We observed that in high-risk populations, life expectancy benefits may be incurred from false-positive screening results, because of reductions in cancer risk despite increased mortality and morbidity from surgical interventions. In our analysis as in real-world practice, if MRI/EUS screening flags a potential high-risk cyst, surgery is recommended. If that screening result is incorrect, the affected individual would still likely incur a risk mitigation benefit from resection, as less pancreatic tissue would be present for PDAC development (in our model, this is simulated by removal of the patient's unseen cancer precursors). This circumstance creates the seemingly paradoxical result that higher specificity of the screening tests can lower the life expectancy benefits by eliminating this avenue for risk mitigation. In our analysis, we did take into account surgical mortality, which offsets this effect to a degree; however, we did not specifically apply any postsurgical quality-of-life disutility. Clinically, postpancreatectomy patients have a higher risk of diabetes and other long-term complications82,83; further research is needed to enable incorporation of these risks and corresponding disutilities into analyses such as ours. One previous modeling analysis81 proposed a higher surgical mortality rate (5%) and significant mortality and quality-of-life impacts from the development of diabetes mellitus; these assumptions significantly lowered the value of screening in their analysis.

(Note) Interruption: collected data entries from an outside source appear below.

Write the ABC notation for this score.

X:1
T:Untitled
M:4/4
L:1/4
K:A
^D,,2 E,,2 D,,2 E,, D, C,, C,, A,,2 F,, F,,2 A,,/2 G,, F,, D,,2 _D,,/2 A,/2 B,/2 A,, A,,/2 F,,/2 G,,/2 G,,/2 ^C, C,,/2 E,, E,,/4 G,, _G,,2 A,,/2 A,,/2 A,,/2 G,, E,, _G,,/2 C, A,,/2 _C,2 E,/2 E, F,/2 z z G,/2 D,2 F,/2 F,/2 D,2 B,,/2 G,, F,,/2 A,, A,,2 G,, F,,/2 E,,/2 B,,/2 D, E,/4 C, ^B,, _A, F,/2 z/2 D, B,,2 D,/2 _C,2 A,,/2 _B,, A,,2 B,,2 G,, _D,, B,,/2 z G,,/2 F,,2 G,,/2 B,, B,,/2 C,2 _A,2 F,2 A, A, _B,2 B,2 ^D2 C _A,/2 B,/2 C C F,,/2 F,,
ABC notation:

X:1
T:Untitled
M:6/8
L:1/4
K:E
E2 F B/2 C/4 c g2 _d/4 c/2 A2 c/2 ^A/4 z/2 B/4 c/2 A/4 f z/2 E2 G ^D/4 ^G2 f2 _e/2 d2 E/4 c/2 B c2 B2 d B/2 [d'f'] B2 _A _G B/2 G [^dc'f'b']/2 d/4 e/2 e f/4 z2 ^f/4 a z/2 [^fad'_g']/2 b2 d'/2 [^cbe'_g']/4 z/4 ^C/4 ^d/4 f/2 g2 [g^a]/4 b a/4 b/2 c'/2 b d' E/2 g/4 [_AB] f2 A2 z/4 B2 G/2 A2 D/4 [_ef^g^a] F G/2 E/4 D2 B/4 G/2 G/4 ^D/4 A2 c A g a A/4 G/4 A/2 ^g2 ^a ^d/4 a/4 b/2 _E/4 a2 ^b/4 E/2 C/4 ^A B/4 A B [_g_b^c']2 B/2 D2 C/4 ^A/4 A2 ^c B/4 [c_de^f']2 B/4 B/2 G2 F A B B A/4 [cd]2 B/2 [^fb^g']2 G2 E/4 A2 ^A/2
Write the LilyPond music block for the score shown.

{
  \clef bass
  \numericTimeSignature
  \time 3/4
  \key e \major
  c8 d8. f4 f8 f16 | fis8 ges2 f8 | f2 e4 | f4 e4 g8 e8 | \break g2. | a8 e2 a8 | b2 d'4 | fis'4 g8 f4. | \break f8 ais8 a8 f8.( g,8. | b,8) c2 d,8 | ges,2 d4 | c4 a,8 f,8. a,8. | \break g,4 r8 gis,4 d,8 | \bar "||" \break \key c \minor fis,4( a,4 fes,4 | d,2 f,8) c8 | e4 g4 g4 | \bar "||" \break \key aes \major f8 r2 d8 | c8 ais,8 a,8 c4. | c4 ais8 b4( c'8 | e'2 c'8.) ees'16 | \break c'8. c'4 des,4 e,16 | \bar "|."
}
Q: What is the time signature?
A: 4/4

Additional limitations of our analysis merit mention. Our results are based on heterogenous information sources, rather than from a specific clinical trial. We assume perfect screening availability and adherence. We do not capture the costs nor uncertainty of genetic testing because our simulation begins with the population's genetic predisposition already known. Costs of care are estimated on the basis of Medicare populations, which may not be applicable to younger populations. We have attempted to address some of the limitations of data availability through calibration and sensitivity analyses; as information changes and practice evolves, the results here will also need to evolve to reflect those changes. Finally, this analysis assumes a staged MRI/EUS screening approach. If alternative screening modalities become available, particularly a serologic biomarker, optimal strategies—from clinical effectiveness and cost-effectiveness standpoints—would likely change.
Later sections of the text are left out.